Draw Tree 100 Thousand Leafs

From Leaf, Tree, to Forest

Photo by pandu ior on Unsplash

When there are a ton of materials about Decision Tree, the reason for writing this posting is to give a chance to take a different look at the topic. Exposed to diverse ways of understanding is an effective learning method as if you touch something part by part and you know the whole shape. The topics you will see may fill what you are missing out on Decision Tree or you can simply brush up on what you already know. This posting starts with how Decision Tree works, covers basic characteristics, and extends it to the technique called Bagging.

Prerequisite

Some basic understanding of model evaluation, especially against testing set, will be more than helpful. You can refer to my previous posting which covers a part of it.

Contents

  • How to split — How to measure impurity to base a split
  • Continuous Features — How to find a split point on continuous values
  • Non-linearity and Regression — Why it is non-linear and how to regress
  • Greedy Algorithm — Why Decision Tree can't find the true optimum
  • Tendency to Over-fit — Why over-fitting happens and how to prevent it
  • Bagging and Random Forest — How Bagging works
  • Demo in R — Loan Default data

How to Split

How Decision Tree works is basically about how to split nodes because this is how a tree is built. Let's assume that we have a binary classification problem; Cola vs. Soy Sauce. When you need to drink whichever you pick, you wouldn't make a decision just by looking. You would probably smell it or even taste a bit of it. So, color is not a useful feature but smell should be.

In the example, there are 5 cups for each, 10 in total, and your job is to classify them using your eyes. We say the left node decides on Cola because there are more Cola classes, and vise versa. The result wouldn't be promising, and you may end up drinking cups of soy sauce. In this case, the bottom nodes are not pure because the classes are almost equally mixed up.

When one class is dominant in a node, we say the node is "Pure".

Now, you utilize your nose. You could still make some mistakes, but the result should be much better. Because the nodes mostly have a dominant class, Cola on the left and Soy Sauce on the right, this is purer. Then, the question becomes how to measure 'Purity'. The answer could be many, but we can talk about Gini.

The formula is saying to add up all the squared probabilities of a class being correct on each node and deduct the sum from 1. Okay, let's take a look at some examples.

We have a node with 10 examples, 5 of them being True and 5 of them being False. Your decision on this node could be either True or False. Now, you know this node is not quite pure. To measure how not pure, we can calculate it as follows.

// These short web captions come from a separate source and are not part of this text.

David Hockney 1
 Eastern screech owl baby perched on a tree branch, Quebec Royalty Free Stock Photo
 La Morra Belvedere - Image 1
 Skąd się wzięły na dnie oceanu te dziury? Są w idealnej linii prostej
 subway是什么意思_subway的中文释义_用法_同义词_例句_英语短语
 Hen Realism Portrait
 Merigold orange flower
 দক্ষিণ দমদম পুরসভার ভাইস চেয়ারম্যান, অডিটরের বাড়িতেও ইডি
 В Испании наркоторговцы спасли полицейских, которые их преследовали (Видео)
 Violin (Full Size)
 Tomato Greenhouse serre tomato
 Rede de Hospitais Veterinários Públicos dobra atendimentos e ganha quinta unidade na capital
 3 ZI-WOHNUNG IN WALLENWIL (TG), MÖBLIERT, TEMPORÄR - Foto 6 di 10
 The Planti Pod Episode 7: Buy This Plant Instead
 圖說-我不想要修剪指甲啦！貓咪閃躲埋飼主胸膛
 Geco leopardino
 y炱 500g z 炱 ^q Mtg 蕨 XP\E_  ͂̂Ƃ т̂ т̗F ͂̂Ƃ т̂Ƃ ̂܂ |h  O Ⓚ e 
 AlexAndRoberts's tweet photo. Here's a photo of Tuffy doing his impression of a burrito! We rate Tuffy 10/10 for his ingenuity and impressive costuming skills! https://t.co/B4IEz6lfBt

Out of 10, the probability of True class is 0.5 and the same for False class. In fact, this is the least pure case, proving that the highest Gini is 0.5. The following is another example.

Lower Gini is purer, so better.

There are more True classes so you can claim your decision to be True more confidently. Likewise, Gini is now lower. Another question to make at this point is when to split. We know that 7 to 3 in the example is 0.42 in Gini, but we want to make it even purer and decide to split the 10 classes with another feature.

The split was made into 2 child nodes. Now, we say the left node is True with more True classes, and vise versa for the right node. We can measure the purity of each node, but how can we conclude one result to compare with the parent? We can simply give them weights by node size to parent total.

We say a split gains "Information" if Gini decreases.

The Gini 0.3 is smaller than 0.42 of the parent, thus, the split gained some information. It would be great if some split results the following.

Parent is so bad its Gini is 0.5, but one split can decrease it to 0. Notice the two children are doing perfect jobs to classify True or False. It seems like splitting is always helpful, however, that is not true.

We know intuitively the parent node's Gini is not the maximum (0.5), but the children's are. In other words, the split made it worse (lost information). Even if the Gini's are the same for a parent and its children, this is still worse because the model with more nodes means more complications. Indeed, modern Decision Tree models damage it by adding more nodes.

One more thing to note is that Gini is not the only one to measure purity. There are many others, but the following two are worth mentioning.

You can try those as we did for Gini, and it will output different results. Then, which one is better than the others? The answer is 'it depends'. We should rather focus on how they are different.

From Introduction to Data Mining

We learnt that the maximum of Gini is 0.5 which is different than that of Entropy. Namely, Entropy hikes up more sharply than Gini. This means it can penalize an impure node harder.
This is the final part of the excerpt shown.